Stored data section start
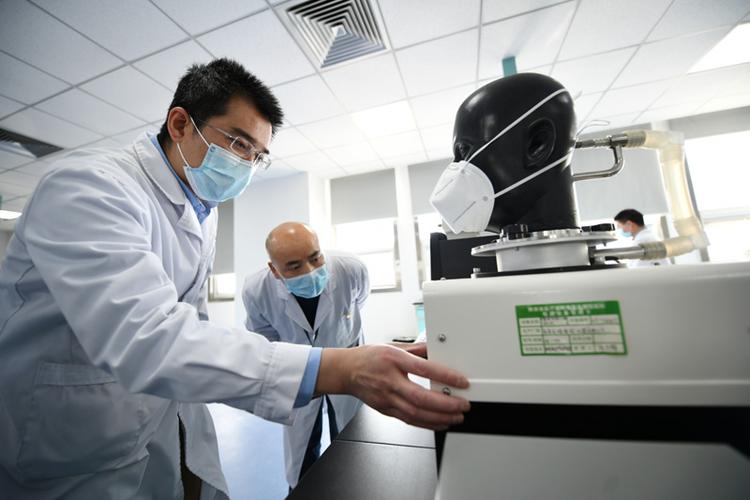 2月16日,在陕西省医疗器械质量监督检验院医用防护产品实验室,检验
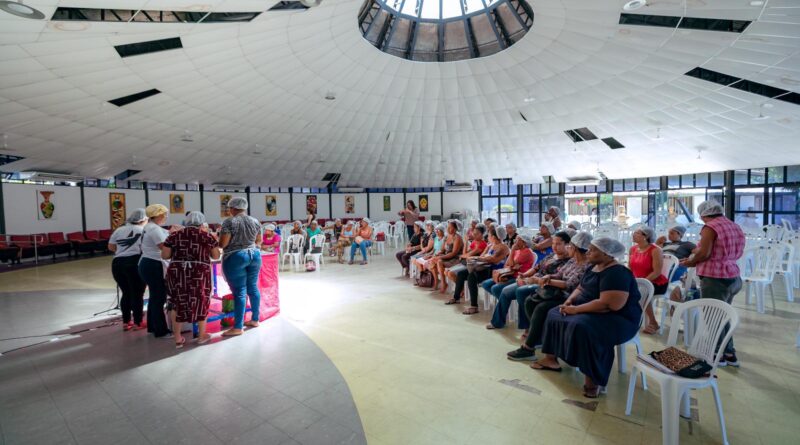O Terminal Turístico Mãe Mirinha de Portão, em Lauro de Freitas, recebe uma iniciativa que oferece ferramentas de inclusão e transformação para mães de crianças atípicas residentes da cidade.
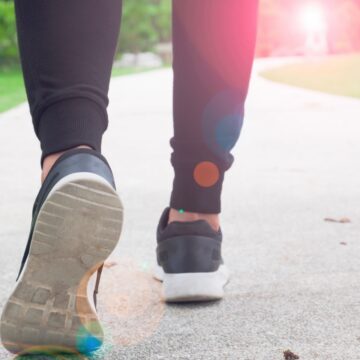 Common walking mistakes you should avoid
Stored data section end
Exercise >> The answer must be the listing above, restated word for word, with no images in it.

Finished exercise >>
 2月16日,在陕西省医疗器械质量监督检验院医用防护产品实验室,检验
O Terminal Turístico Mãe Mirinha de Portão, em Lauro de Freitas, recebe uma iniciativa que oferece ferramentas de inclusão e transformação para mães de crianças atípicas residentes da cidade.
 Common walking mistakes you should avoid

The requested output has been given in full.